CMStatistics 2022: Start Registration
View Submission - CMStatistics
Title: Robust and accurate estimation of cellular fractions from tissue omics data via ensemble deconvolution Authors:  Jiebiao Wang - University of Pittsburgh (United States) [presenting]
Christopher McKennan - University of Pittsburgh (United States)
Manqi Cai - University of Pittsburgh (United States)
Wei Chen - University of Pittsburgh (United States)

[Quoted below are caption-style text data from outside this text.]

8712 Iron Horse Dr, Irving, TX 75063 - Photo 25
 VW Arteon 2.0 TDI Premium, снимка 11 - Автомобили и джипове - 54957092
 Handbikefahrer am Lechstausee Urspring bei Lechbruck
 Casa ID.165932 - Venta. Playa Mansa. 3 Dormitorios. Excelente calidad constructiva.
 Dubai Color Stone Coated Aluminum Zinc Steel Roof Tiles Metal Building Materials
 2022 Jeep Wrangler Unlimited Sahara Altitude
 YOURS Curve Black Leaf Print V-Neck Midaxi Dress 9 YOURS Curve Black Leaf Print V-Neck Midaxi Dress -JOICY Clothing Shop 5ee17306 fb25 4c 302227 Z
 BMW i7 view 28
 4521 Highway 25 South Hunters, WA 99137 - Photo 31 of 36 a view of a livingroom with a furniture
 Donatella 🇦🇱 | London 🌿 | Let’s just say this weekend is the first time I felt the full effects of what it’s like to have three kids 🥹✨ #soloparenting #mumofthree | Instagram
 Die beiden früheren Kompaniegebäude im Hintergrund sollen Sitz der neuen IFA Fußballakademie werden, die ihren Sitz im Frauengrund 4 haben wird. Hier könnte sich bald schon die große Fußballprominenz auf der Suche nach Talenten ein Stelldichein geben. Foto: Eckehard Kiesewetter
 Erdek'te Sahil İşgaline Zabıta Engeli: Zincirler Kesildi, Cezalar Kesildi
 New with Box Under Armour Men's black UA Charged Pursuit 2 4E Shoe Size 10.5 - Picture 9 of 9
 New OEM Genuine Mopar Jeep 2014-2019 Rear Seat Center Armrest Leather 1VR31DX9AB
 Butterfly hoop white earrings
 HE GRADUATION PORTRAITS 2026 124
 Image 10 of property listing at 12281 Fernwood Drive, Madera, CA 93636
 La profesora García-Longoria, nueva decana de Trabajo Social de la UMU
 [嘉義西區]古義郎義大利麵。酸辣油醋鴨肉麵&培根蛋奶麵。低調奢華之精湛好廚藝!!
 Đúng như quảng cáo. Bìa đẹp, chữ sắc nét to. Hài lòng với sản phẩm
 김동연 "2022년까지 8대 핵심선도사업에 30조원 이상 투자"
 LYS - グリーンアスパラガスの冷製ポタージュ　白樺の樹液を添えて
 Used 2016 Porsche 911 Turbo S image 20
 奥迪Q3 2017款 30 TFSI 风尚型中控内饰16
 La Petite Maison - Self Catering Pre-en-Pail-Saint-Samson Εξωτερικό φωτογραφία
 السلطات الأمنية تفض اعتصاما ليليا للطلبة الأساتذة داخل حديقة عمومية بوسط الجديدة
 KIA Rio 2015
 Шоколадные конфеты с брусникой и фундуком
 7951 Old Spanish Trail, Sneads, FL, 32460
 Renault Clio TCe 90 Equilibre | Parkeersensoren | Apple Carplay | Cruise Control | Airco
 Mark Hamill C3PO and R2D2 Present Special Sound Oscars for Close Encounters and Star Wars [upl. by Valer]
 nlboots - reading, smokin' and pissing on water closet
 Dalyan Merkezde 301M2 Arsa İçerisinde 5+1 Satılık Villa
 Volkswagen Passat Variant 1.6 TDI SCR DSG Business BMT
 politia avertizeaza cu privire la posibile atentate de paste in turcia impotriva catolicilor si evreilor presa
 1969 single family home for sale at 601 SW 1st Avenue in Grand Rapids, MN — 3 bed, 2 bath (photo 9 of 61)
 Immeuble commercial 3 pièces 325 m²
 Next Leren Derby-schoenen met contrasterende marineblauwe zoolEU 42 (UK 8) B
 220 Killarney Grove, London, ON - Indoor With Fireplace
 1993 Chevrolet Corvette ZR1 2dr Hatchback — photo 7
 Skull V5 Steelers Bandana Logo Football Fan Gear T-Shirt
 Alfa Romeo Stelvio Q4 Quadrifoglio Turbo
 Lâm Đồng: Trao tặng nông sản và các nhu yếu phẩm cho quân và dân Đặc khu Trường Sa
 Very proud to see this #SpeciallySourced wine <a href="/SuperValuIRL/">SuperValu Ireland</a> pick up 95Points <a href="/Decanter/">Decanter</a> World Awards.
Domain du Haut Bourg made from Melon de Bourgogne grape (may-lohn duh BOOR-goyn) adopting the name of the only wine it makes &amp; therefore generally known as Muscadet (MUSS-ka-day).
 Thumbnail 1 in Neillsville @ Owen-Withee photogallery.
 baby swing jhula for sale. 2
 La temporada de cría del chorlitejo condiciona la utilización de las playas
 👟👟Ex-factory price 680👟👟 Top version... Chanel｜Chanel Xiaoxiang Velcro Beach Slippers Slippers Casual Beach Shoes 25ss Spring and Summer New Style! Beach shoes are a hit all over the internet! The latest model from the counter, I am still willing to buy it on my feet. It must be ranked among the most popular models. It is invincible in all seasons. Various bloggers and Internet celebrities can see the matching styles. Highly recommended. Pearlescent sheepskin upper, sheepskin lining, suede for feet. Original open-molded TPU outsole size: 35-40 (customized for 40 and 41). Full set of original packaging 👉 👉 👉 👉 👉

Abstract: Tissue-level omics data such as transcriptomics and epigenomics are average across diverse cell types. To extract cell-type-specific (CTS) signals, dozens of cellular deconvolution methods have been proposed to infer cell-type fractions from tissue-level data. However, these methods produce vastly different results under various real data settings. Simulation-based benchmarking studies showed no universally best deconvolution approaches. There have been attempts at ensemble methods, but they only aggregate multiple single-cell references or reference-free deconvolution methods. To achieve a robust estimation of cellular fractions, we proposed EnsDeconv (Ensemble Deconvolution), which adopts CTS robust regression to synthesize the results from dozens of single deconvolution methods, reference datasets, marker gene selection procedures, data normalizations, and transformations. Unlike most benchmarking studies based on simulations, we compiled four large real datasets of 4937 tissue samples in total with measured cellular fractions and bulk gene expression from different tissue types. Comprehensive evaluations demonstrated that EnsDeconv yields more stable, robust, and accurate fractions than existing methods. We illustrated that EnsDeconv estimated cellular fractions enable various CTS downstream analyses, such as differential fractions associated with clinical variables. To increase generalizability, we further extended EnsDeconv to analyze bulk DNA methylation data.